Source material:

++++

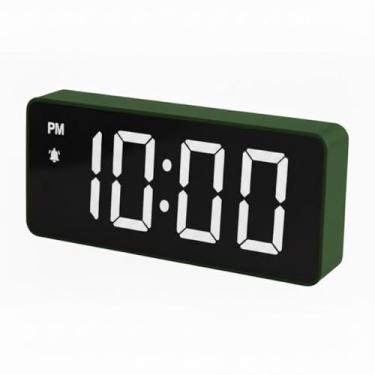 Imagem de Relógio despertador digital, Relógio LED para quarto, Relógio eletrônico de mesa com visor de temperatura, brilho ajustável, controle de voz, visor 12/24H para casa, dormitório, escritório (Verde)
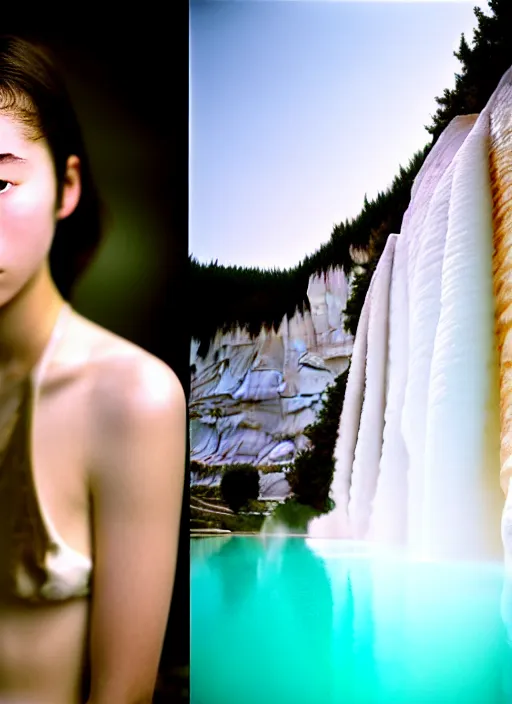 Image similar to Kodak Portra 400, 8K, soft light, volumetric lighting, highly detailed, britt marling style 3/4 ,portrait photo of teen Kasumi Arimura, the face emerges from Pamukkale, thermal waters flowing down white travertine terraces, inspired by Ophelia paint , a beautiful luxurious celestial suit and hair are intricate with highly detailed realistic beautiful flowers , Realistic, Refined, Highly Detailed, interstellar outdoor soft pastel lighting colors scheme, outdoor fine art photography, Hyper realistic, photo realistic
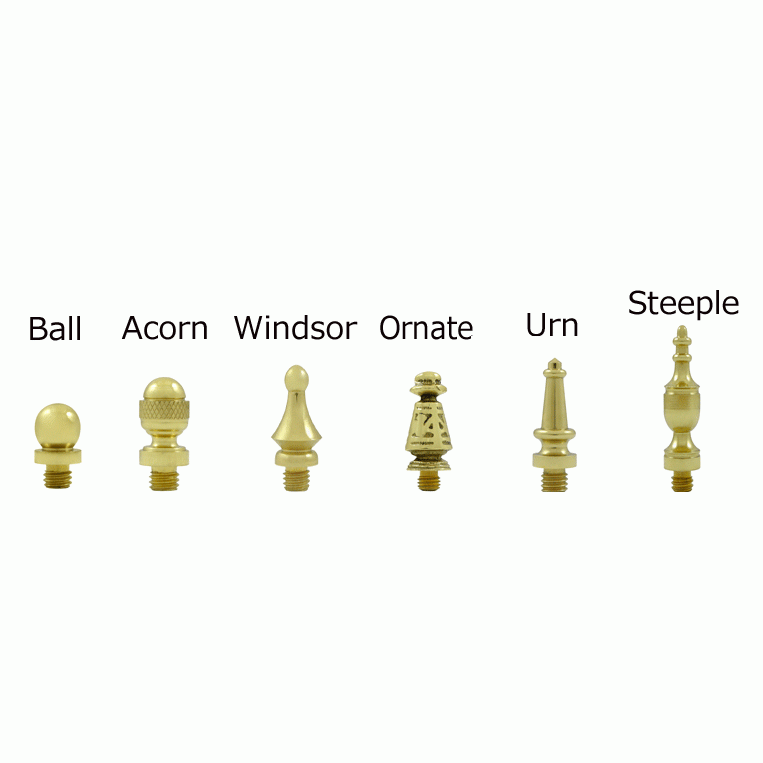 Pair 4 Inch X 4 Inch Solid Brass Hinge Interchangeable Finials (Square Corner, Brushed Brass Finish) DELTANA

++++

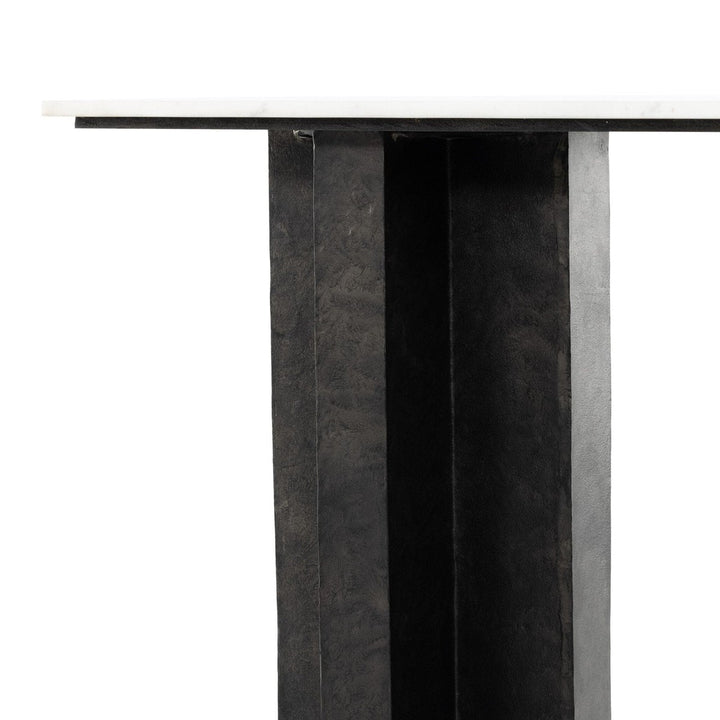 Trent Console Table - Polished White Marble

++++

Problem description: Starting from the line with "Imagem de Relógio" in the records above, repeat each line exactly until you have written the line with "Pair 4 Inch", then stop; drop the pictures.

Answer to the problem:
 Imagem de Relógio despertador digital, Relógio LED para quarto, Relógio eletrônico de mesa com visor de temperatura, brilho ajustável, controle de voz, visor 12/24H para casa, dormitório, escritório (Verde)
 Image similar to Kodak Portra 400, 8K, soft light, volumetric lighting, highly detailed, britt marling style 3/4 ,portrait photo of teen Kasumi Arimura, the face emerges from Pamukkale, thermal waters flowing down white travertine terraces, inspired by Ophelia paint , a beautiful luxurious celestial suit and hair are intricate with highly detailed realistic beautiful flowers , Realistic, Refined, Highly Detailed, interstellar outdoor soft pastel lighting colors scheme, outdoor fine art photography, Hyper realistic, photo realistic
 Pair 4 Inch X 4 Inch Solid Brass Hinge Interchangeable Finials (Square Corner, Brushed Brass Finish) DELTANA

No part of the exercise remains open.